BUCKHANNON – Upshur County Commissioners on Thursday discussed changes to the county employee health insurance plan after learning their current method of funding employee health insurance – self-insurance – is no longer sustainable.
County administrator Carrie Wallace told commissioners they’d spent more than $1.6 million on employee health insurance in fiscal year 2018-2019 and had already spent close to $900,000 on insurance in the first five months of the 2019-2020 fiscal year alone.
Fiscal years begin July 1 and end June 30 of the following year.
“So far, for the five months of this fiscal year, your health insurance has cost just below $900,000,” Wallace said. “Last year, it was upwards of $1.6 million. You can no longer afford to fund your self-insurance. You have been approached by a broker by the name of Pete Thackston with USI who has made a recommendation to switch over to PEIA (Public Employees Insurance Agency). There are two different PEIA plans, a state plan and a non-state plan.”

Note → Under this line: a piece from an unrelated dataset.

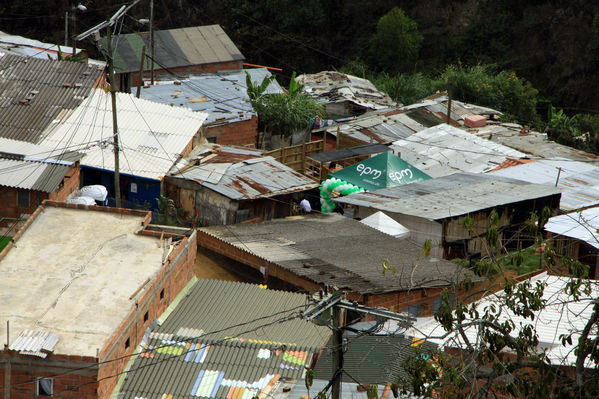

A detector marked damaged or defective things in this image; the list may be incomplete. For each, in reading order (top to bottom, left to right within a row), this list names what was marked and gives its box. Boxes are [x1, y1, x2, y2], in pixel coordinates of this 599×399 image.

rusty metal roof [0, 52, 104, 144]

Wallace said the county plan would be considered a non-state plan, so if they make the transition, county officials would have control over how much employees contribute to their plans.
“He is highly suggesting Plan C, which, in his calculations, would be an expense [for the county] of about $800,000 per year,” Wallace said.

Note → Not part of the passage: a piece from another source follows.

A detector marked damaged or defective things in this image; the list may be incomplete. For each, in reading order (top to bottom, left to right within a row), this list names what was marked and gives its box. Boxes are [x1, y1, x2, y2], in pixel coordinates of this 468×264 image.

She said Plan C would result in employees having the same deductibles they currently have of $500 and $1,000 if they fund the Health Reimbursement Account or the Health Savings Account in the amount of $2,000 and $4,000.
“That’s similar to what you currently do with your self-insurance,” Wallace said. “By funding the HRA portion, it would keep the deductibles at $500 and $1,000.”
A deductible is the amount an individual or entity must pay before insurance kicks in to cover the cost of health claims.
She said the proposal also keeps the employee contributions per month for Plan C the same as what employees are currently paying at $20 for a single employee; $30 for an employee and children; and $40 with employee and spouse.
“Now, with PEIA, there are only three tiers, and we currently have four,” Wallace said. “We [currently] have single employee, employee plus children, employee plus spouse and family, so his recommendation would be to take family down to the same rate as employee and spouse of $40, which would actually be a decrease for employee contributions per month by $10 for family plans.”
Wallace said she has arranged for Thackston to attend the commission meeting Jan. 9, 2020 at 1 p.m. to present his proposal to the commission. He’ll also explain the proposal at the supervisor policy board meeting on Jan. 19, 2020.
“Our plan would be, like I said, to have him back at the supervisor policy board meeting on the 19th and then to schedule preliminary employee meetings the last week of January so employees can bring as an example their prescription list and talk to them about what would be best for them and what their coverage will be,” Wallace said. “They’ll be able to gather any documents necessary prior to open enrollment, which looks like it would take place at the end of March or beginning of April.”
In a self-insurance plan, which is what the county currently has, an employer assumes the financial risk for providing healthcare benefits to employees, according to the Self-Insurance Institute of America, Inc.
“In practical terms, self-insured employers pay for each out-of-pocket claim as they are incurred instead of paying a fixed premium to an insurance carrier, which is known as a fully-insured plan,” according to the website.